■ **EXERCISE OBJECTIVE**
Your copy should start at the line with "Aumale House |" and end at the line with "Kožený gauč s křeslem - 4" in the data below. Transcribe only those lines, exactly, pictures excluded.

----- DATA FOR ANALYSIS -----

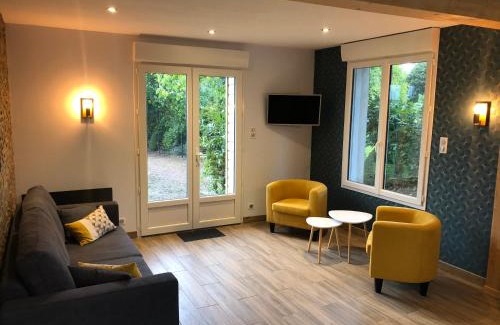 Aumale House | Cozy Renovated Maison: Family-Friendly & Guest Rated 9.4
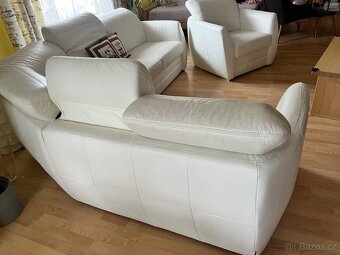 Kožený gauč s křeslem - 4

-----
----- DATA FOR ANALYSIS -----

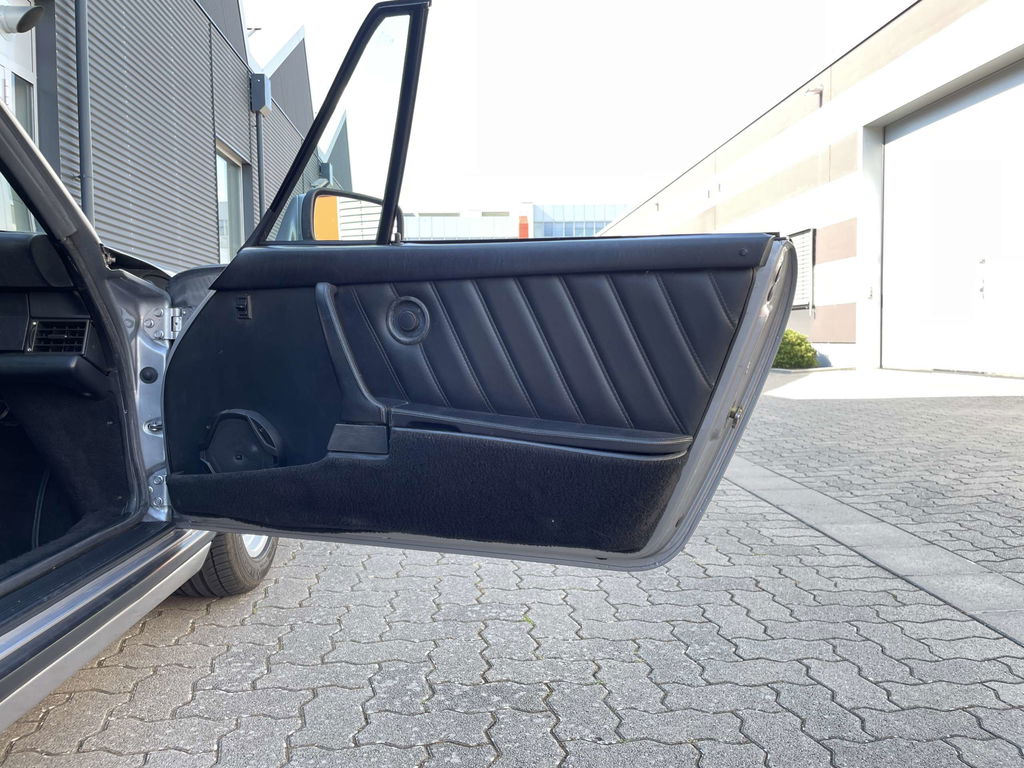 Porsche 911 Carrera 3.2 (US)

-----

■ **TASK RESULT**
 Aumale House | Cozy Renovated Maison: Family-Friendly & Guest Rated 9.4
 Kožený gauč s křeslem - 4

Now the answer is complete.